Sequence analysis of the major outer membrane protein gene from Chlamydia trachomatis serovar L2.

R S Stephens, G Mullenbach, R Sanchez-Pescador, N Agabian
PMCID: PMC213634  PMID: 2946665

Abstract

The structural gene for the major outer membrane protein (MOMP) from Chlamydia trachomatis was cloned and sequenced. A lambda gt11 recombinant (lambda gt11/L2/33) that contains a portion of the MOMP coding sequence was used to probe a lambda 1059 library constructed from DNA obtained from C. trachomatis serovar L2. Selected lambda 1059 recombinants were mapped with endonuclease restriction enzymes. The MOMP gene was mapped to the 5' end of a BamHI fragment of approximately 9 kilobases. Contiguous endonuclease restriction fragments identified within this region permitted the selection of specific fragments for subcloning and DNA sequencing.
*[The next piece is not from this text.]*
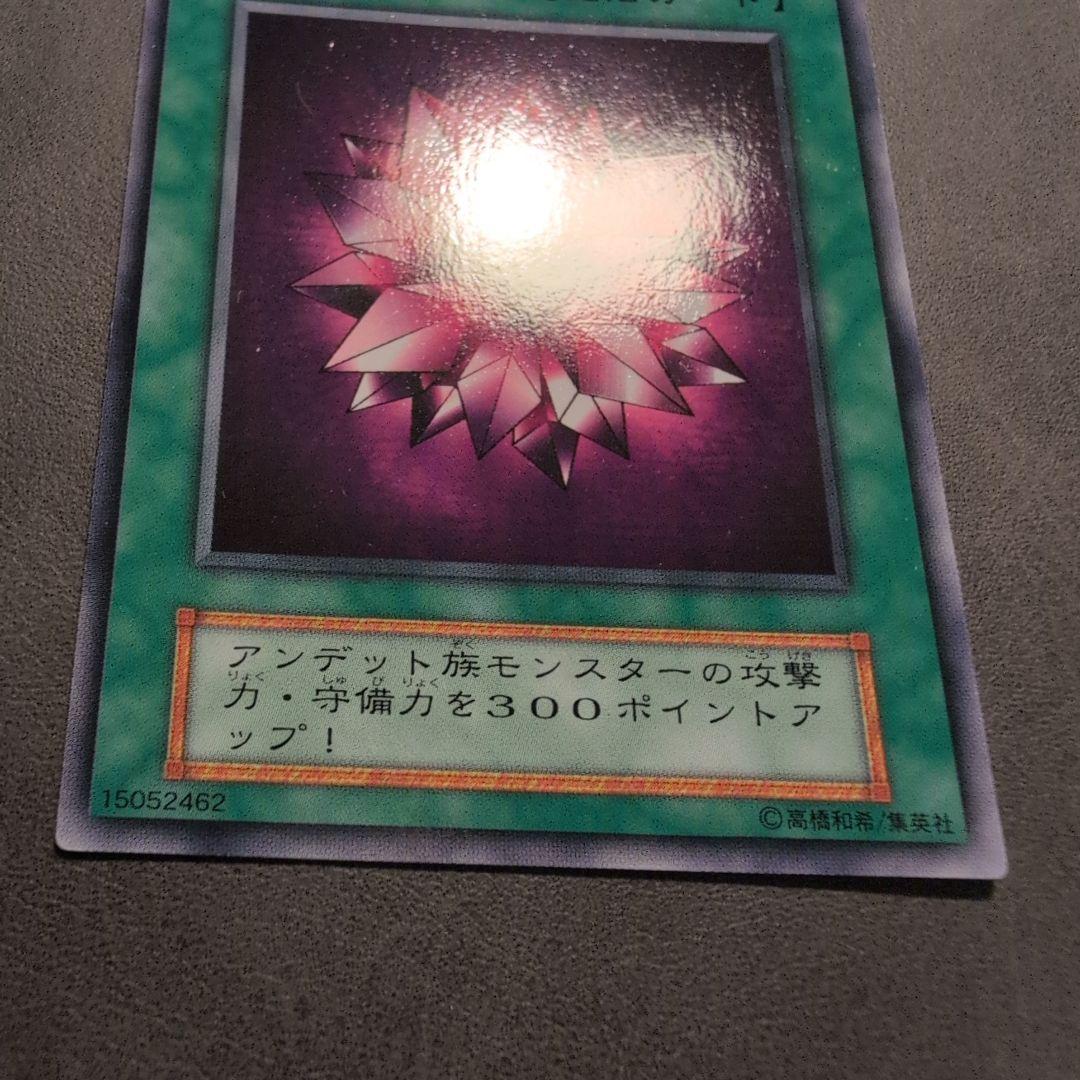 Yu-Gi-Oh Blue-Eyes Crystal Dragon — Japanese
The MOMP gene consisted of a 1,182-base-pair open reading frame that encoded 394 amino acids and ended with three stop codons. The known amino-terminal amino acid was preceded by 22 amino acids whose sequence was compatible with a leader or signal sequence. The primary structure of MOMP determined from the translated DNA sequence demonstrated nine cysteine residues and a remarkably homogeneous distribution of charged and hydrophobic residues.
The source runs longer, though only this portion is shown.